I would go with either the .357 or the .45.  Lots of technical reasons but mostly because of the kinetic energy at the point of impact, ease of use (for me, they are somewhat easier to shoot), availability of ammo, etc.  The .38 is a bit light, which is why a lot of law enforcement institutions and the US military have largely abandoned it. 9mm is ok I guess but a bit light still...usually has more rounds available though. I do not find that to be an advantage in personal or home defense; that scenario is more likely to involve one or two shots (at most). Combat scenarios are a different story and the 9 is a compromise between number of rounds and effectiveness. Outside of that I think you are getting into "personal preference" areas.
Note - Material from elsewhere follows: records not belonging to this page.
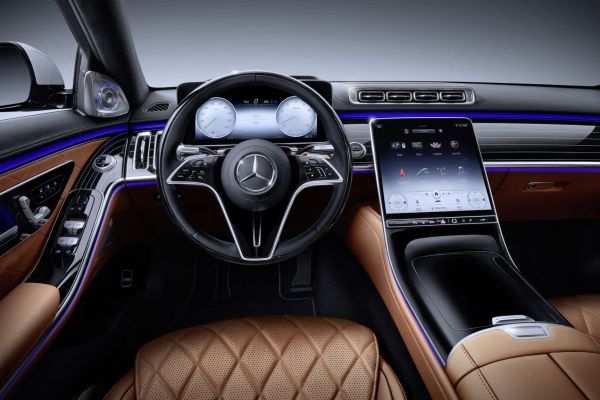 Mercedes-Benz Is Adding ChatGPT to Cars for AI Voice Commands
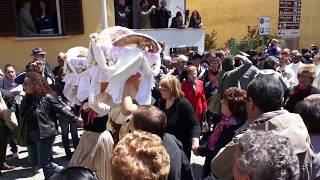 preview picture of video 'Cocullo | Cocullo Snake Festival | Cocullo Serpari San Domenico (Part 1/4)'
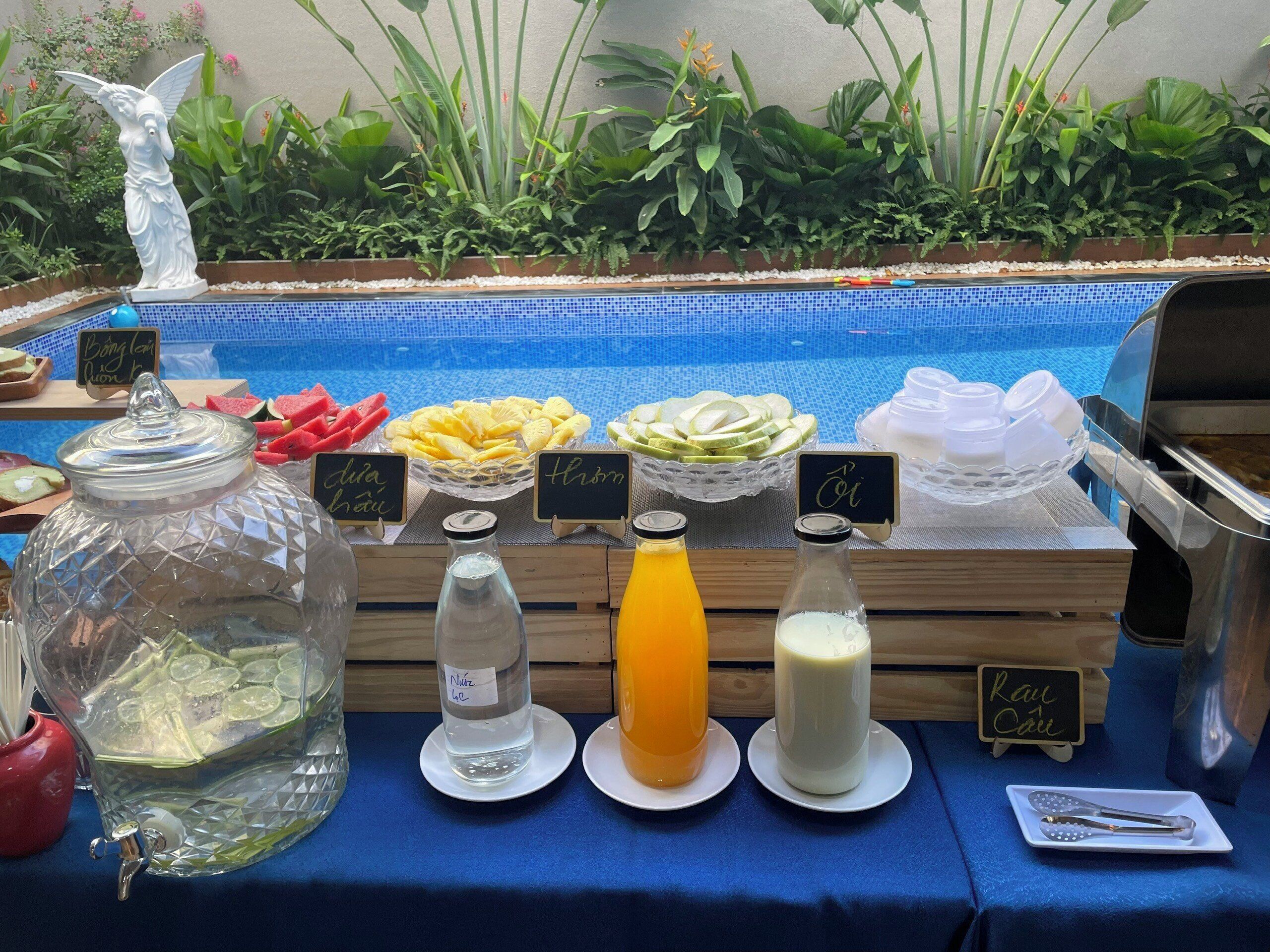 Sabina Luxury Boutique Hotel & Villa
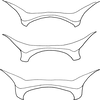 Abdomen, sternal apodemes, ventral view: Abdomen, sternal apodemes, ventral view. (Observation).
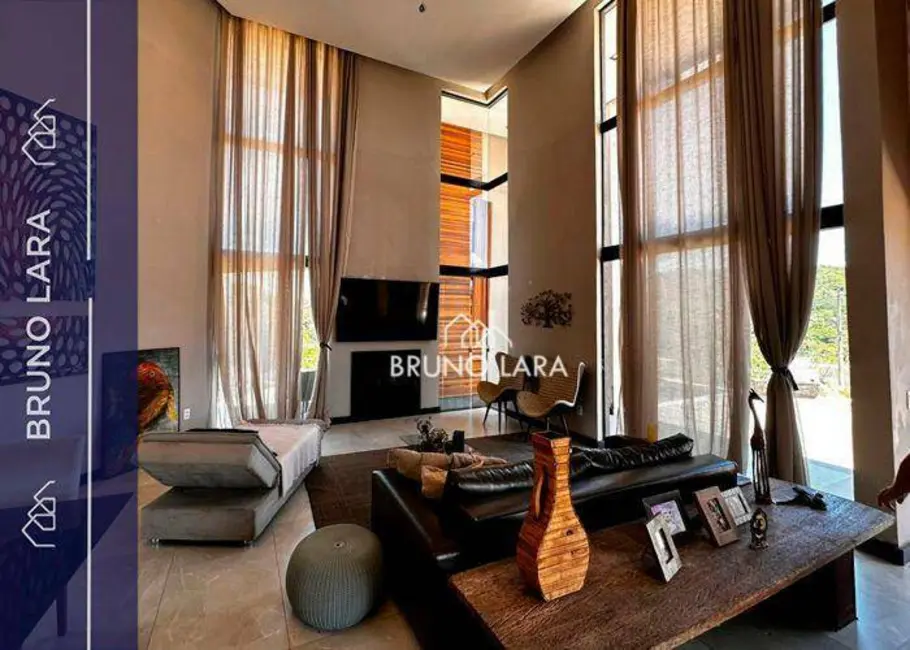 Foto 1 de Casa de Condomínio com 5 quartos à venda, 1000m2 em Betim - MG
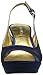 Nine West Women's Able Satin Platform Pump
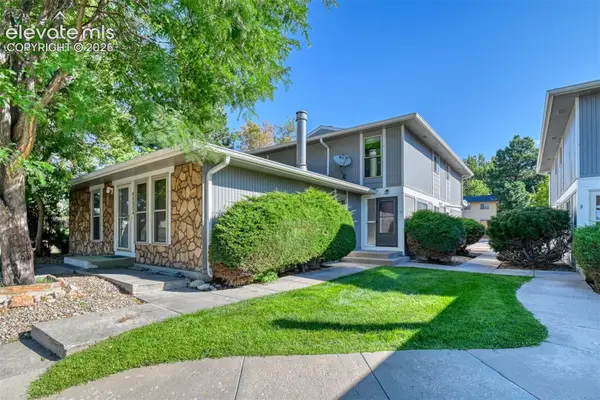4895 El Camino Drive #C, Colorado Springs, CO 80918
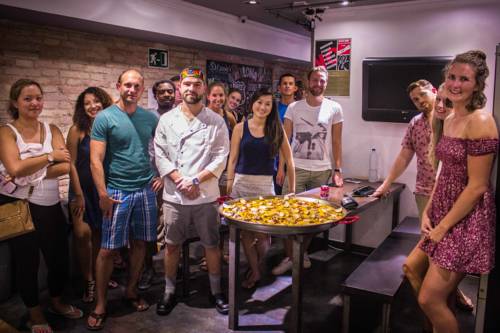 bekæmpe Præsident kæmpe Hostels in Barcelona for Erasmus: Black Swan Hostel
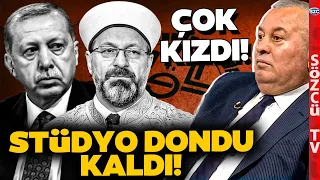 Cemal Enginyurt Erdoğan ve Ali Erbaş İkilisini Yerden Yere Vurdu! 'Türk Milletini Sevemediniz'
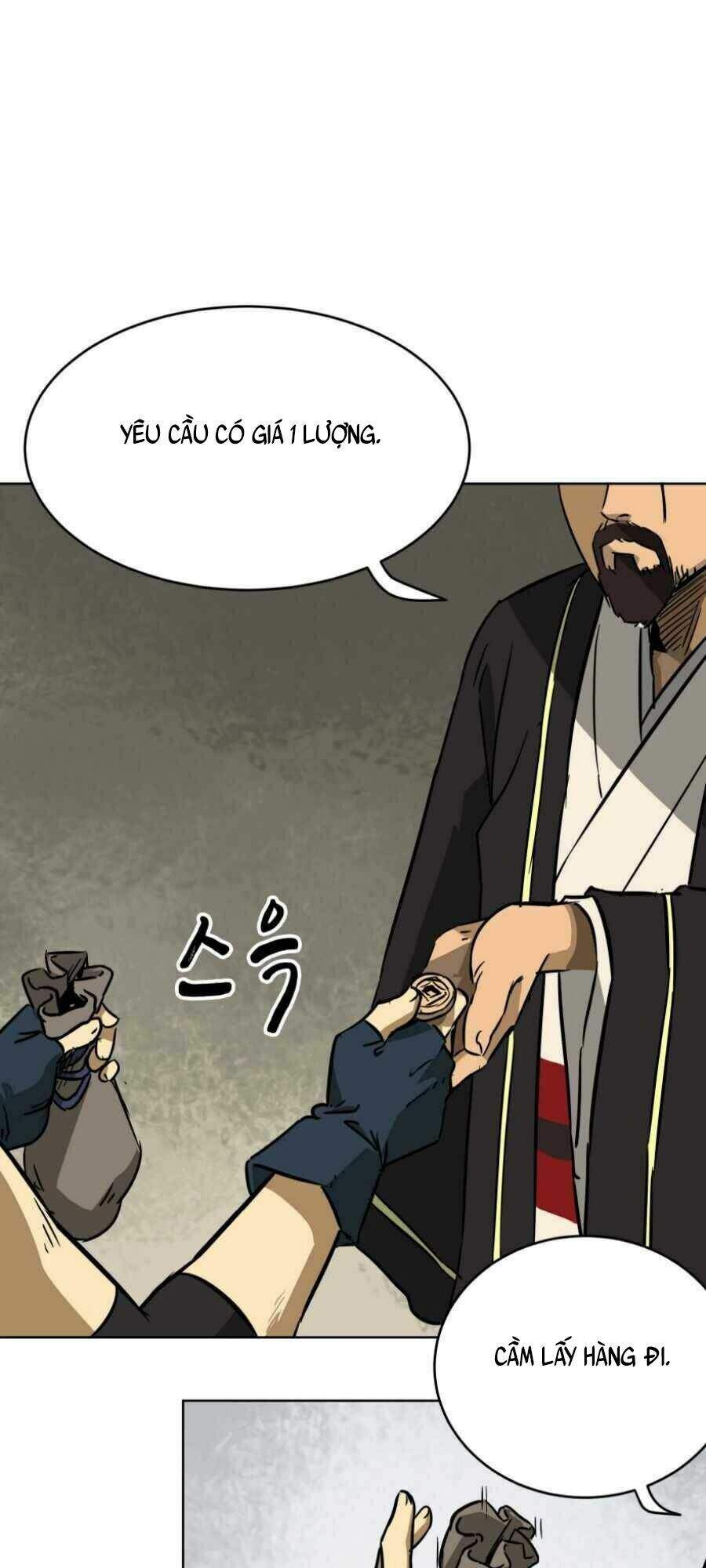 Thăng Cấp Vô Hạn Trong Murim Chapter 21 - Trang 2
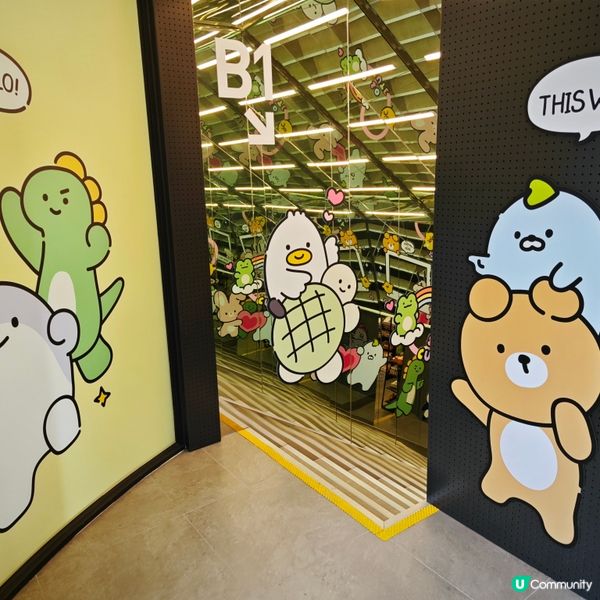 「ARTBOX」 文具，可愛公仔、 彩妝用品、3C產品！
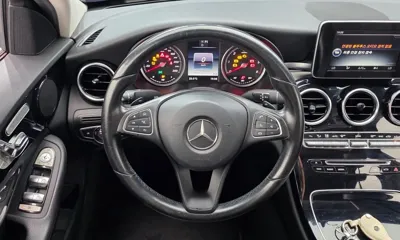 Mercedes-Benz C-Class 2016, 121679 км, за 10108.97 USD - фото 13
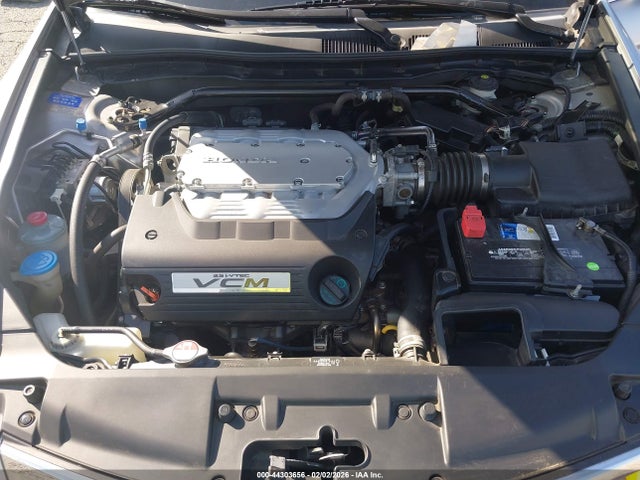 Honda Accord 3.5 Ex-l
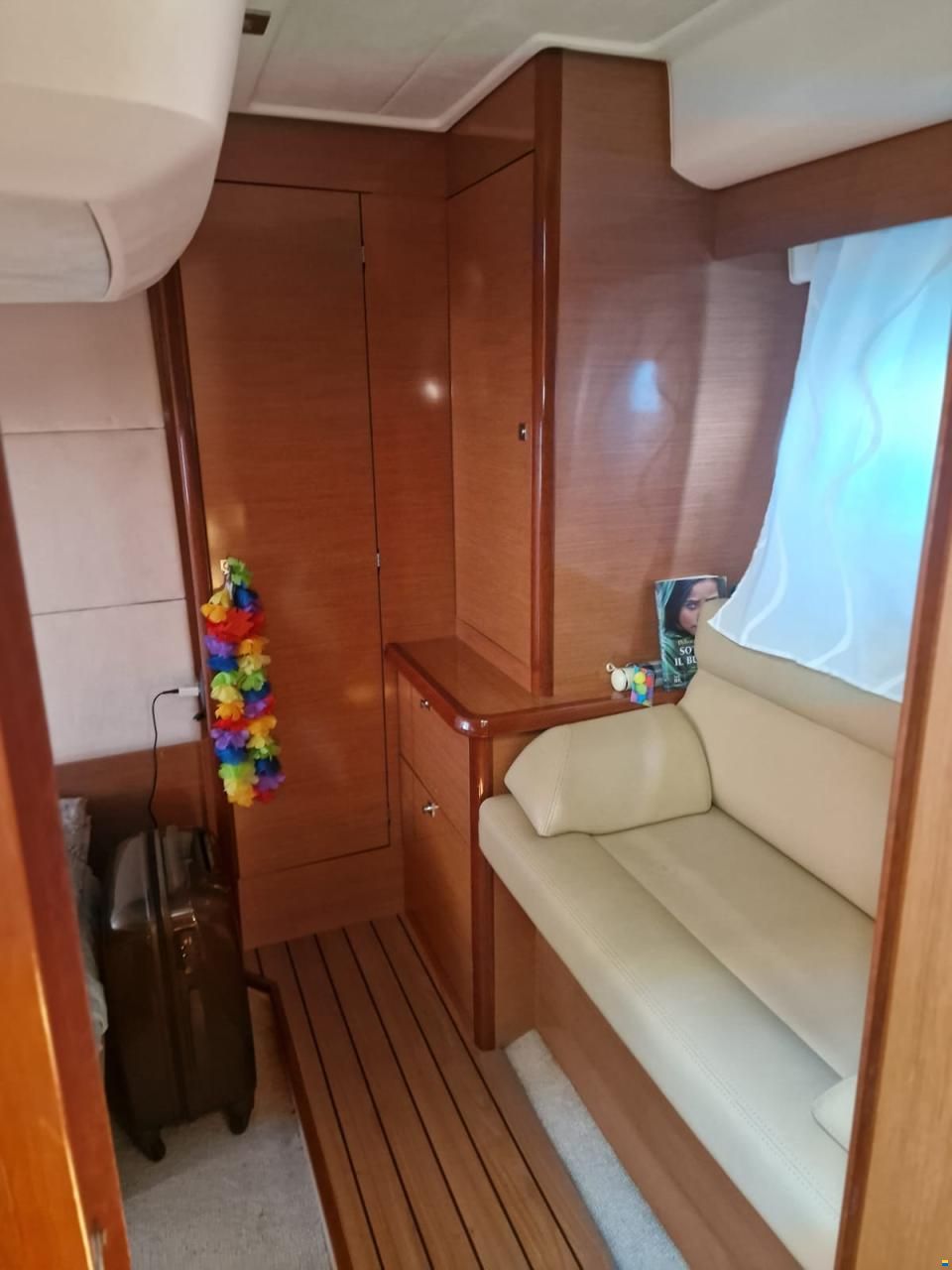 Jeanneau Prestige 38 S - Barca - Yacht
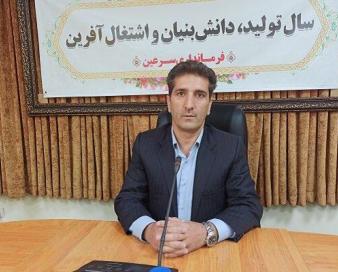 سرعین قطب تولید جوجه یک‌روزه اردبیل است
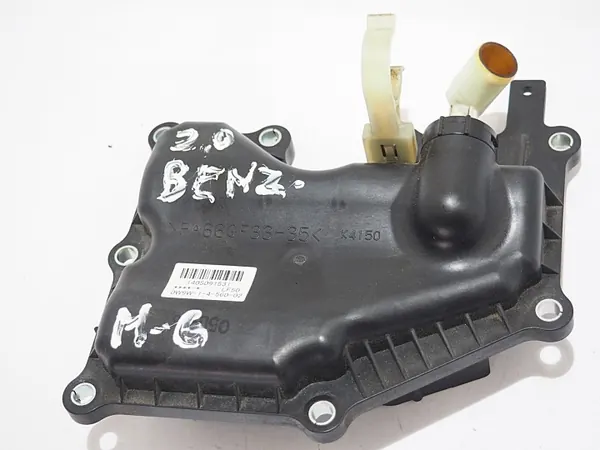 Motorabdeckung Mazda 6 FL 2.0 Benziner OEM PA66GF3335 image 2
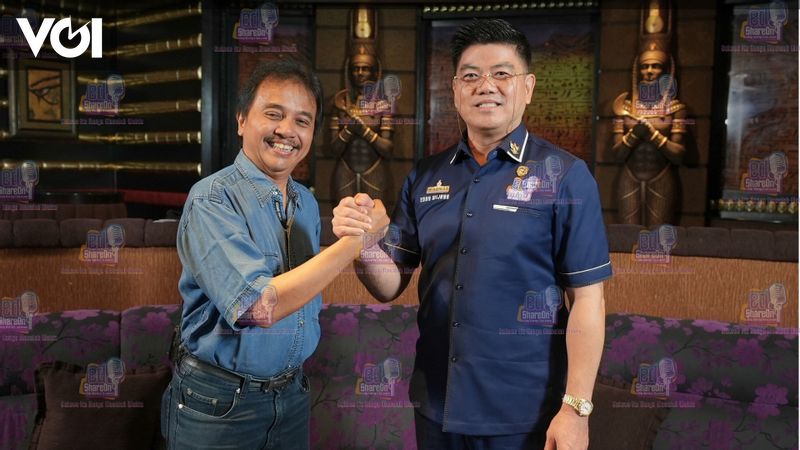 Roy Suryo: Ada Analisis Peretasan PDNS&nbsp;Disengaja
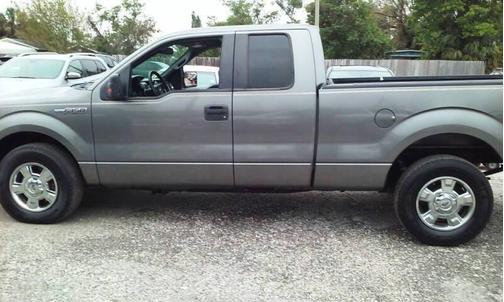 2011 Ford F-150 XLT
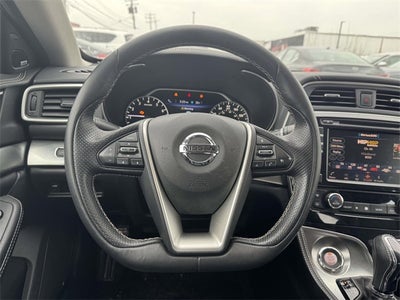 2019 Nissan Maxima 3.5 SL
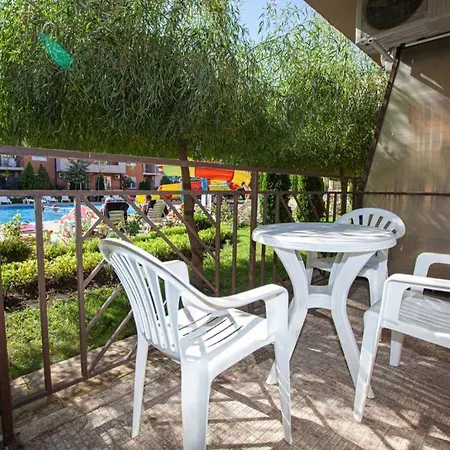 Апартамент Studio в апарт-отеле Holiday Fort Golf Club *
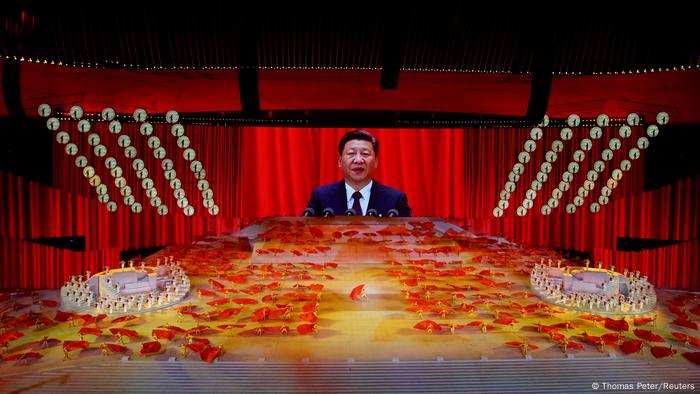 China′s Communist Party after 100 years now at the ′forefront′ of global politics | Asia| An in-depth look at news from across the continent | DW | 30.06.2021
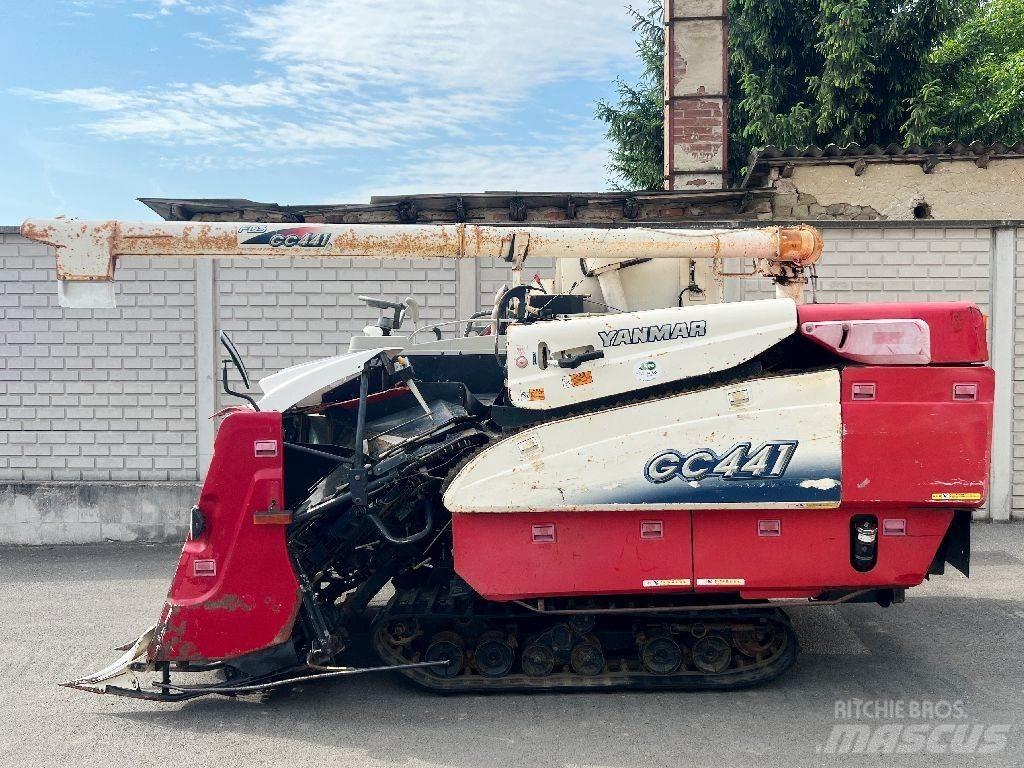 Yanmar GC441 Τρακτέρ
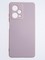 Накладка Silicone Cover (без логотипа, с защитой камеры) для Xiaomi Redmi Note 12 pro 5G пудровая - фото 63936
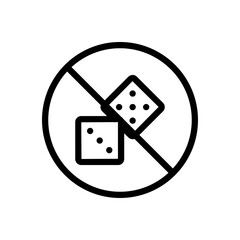 banned dice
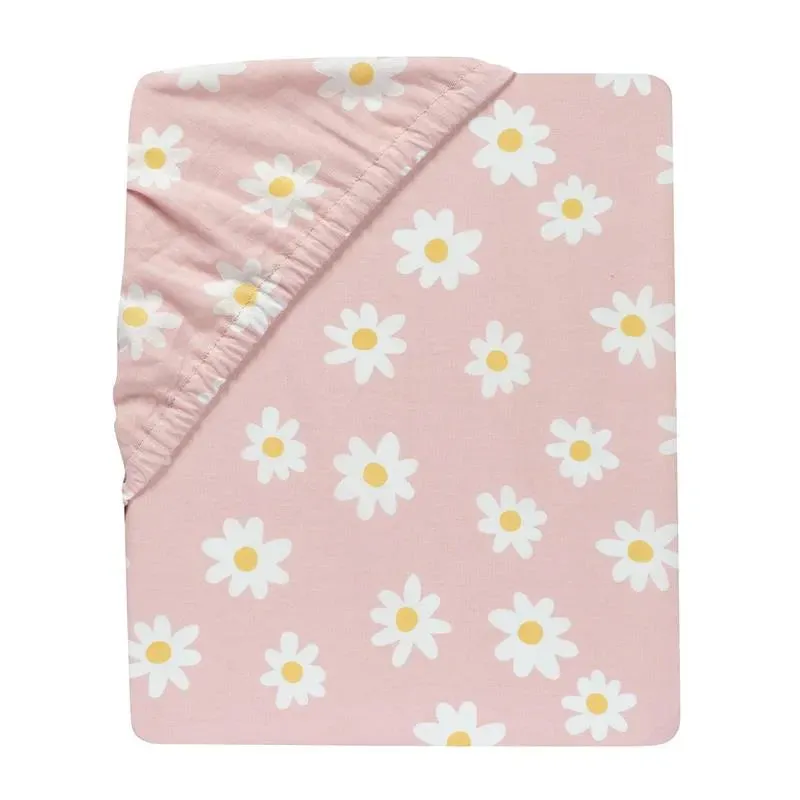 Lambs & Ivy - Daisy Dreams Sheet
Being an old Army sorta guy, I like the .45 the best.


----------



## 90K (Oct 25, 2006)

Power and placement are indeed important factors in this discussion. 
for me a 12 gauge is the weapon of choice for interior home security due to tight quarters. You'll get a pellet in the ass if you come around my house un-invited in the middle of oh-dark-thirty!:firing:  but for more distant security then placement is the key and a 12 gauge doesn't achieve that IMO I can make a grease spot in the upper torso.  But I don't shoot to disable I shoot to kill.


----------



## Mr. P (Oct 25, 2006)

CSM said:


> I would go with either the .357 or the .45.  Lots of technical reasons but mostly because of the kinetic energy at the point of impact, ease of use (for me, they are somewhat easier to shoot), availability of ammo, etc.  The .38 is a bit light, which is why a lot of law enforcement institutions and the US military have largely abandoned it. 9mm is ok I guess but a bit light still...usually has more rounds available though. I do not find that to be an advantage in personal or home defense; that scenario is more likely to involve one or two shots (at most). Combat scenarios are a different story and the 9 is a compromise between number of rounds and effectiveness. Outside of that I think you are getting into "personal preference" areas. Being an old Army sorta guy, I like the .45 the best.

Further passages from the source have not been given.